Input-based Three-valued Abstraction Refinement

TL;DR

This paper introduces a novel input-based three-valued abstraction refinement framework that simplifies state space formalism and enables practical machine-code verification of mu-calculus properties, surpassing traditional CEGAR methods.

Contribution

The paper presents a new algorithmic framework for TVAR using input-based splitting, making the approach more practical and effective for machine-code verification.

Findings

Successfully verified properties of machine-code systems for AVR architecture.

Demonstrated ability to verify mu-calculus properties not accessible by naive model checking.

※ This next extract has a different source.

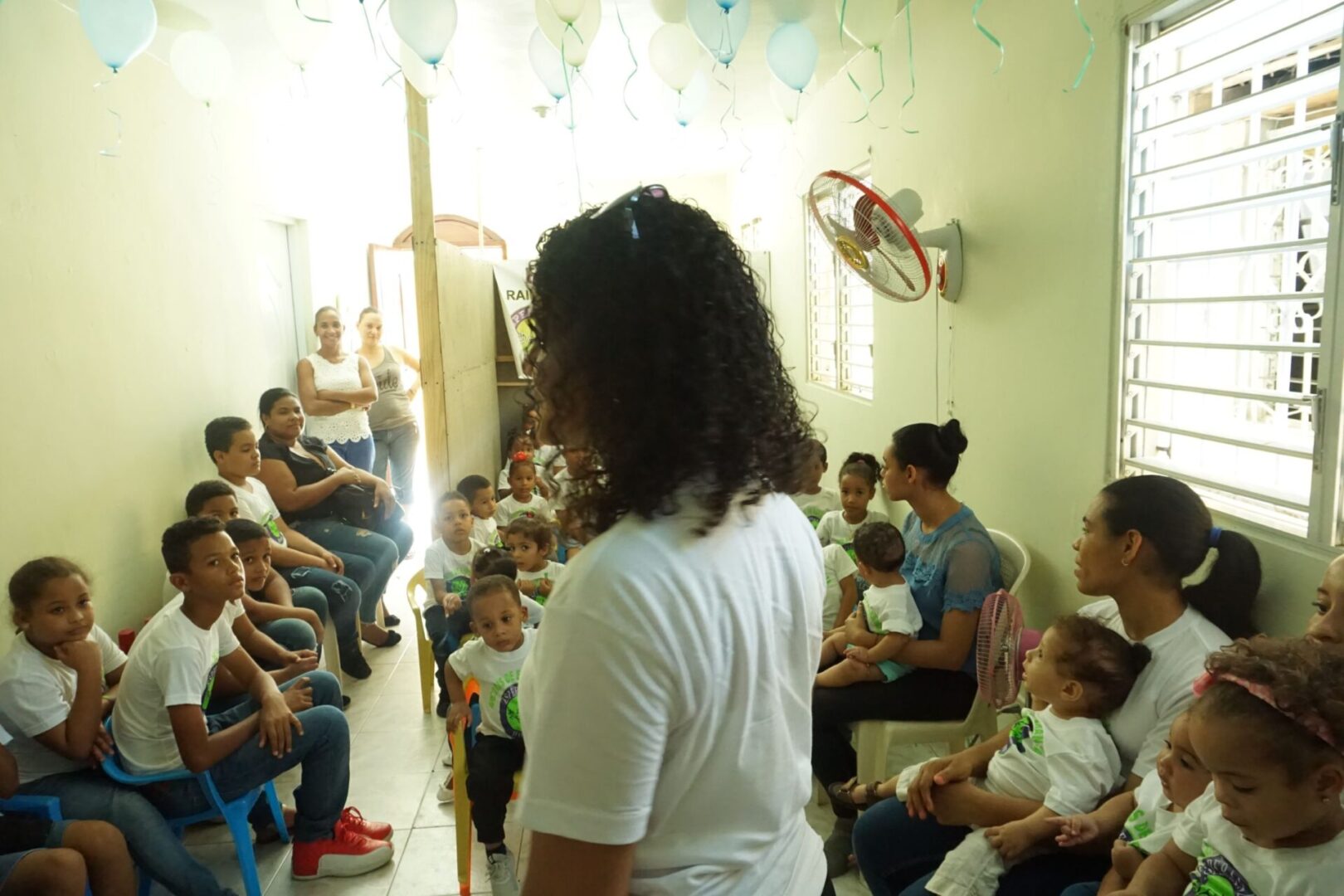 A woman in a small room in front of the children and their mothers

First practical application of TVAR in machine-code verification.

Abstract

Unlike Counterexample-Guided Abstraction Refinement (CEGAR), Three-Valued Abstraction Refinement (TVAR) is able to verify all properties of the mu-calculus. We present a novel algorithmic framework for TVAR that employs a simulator-like approach to build and refine the abstract state space with input-based splitting. This leads to a state space formalism that is much simpler than in previous TVAR frameworks, which use modal transitions. We implemented the framework in our open-source tool machine-check and verified properties of machine-code systems for the AVR architecture, showing the ability to verify systems and mu-calculus properties not verifiable by naive model checking or CEGAR, respectively. This is the first practical use of TVAR for machine-code verification.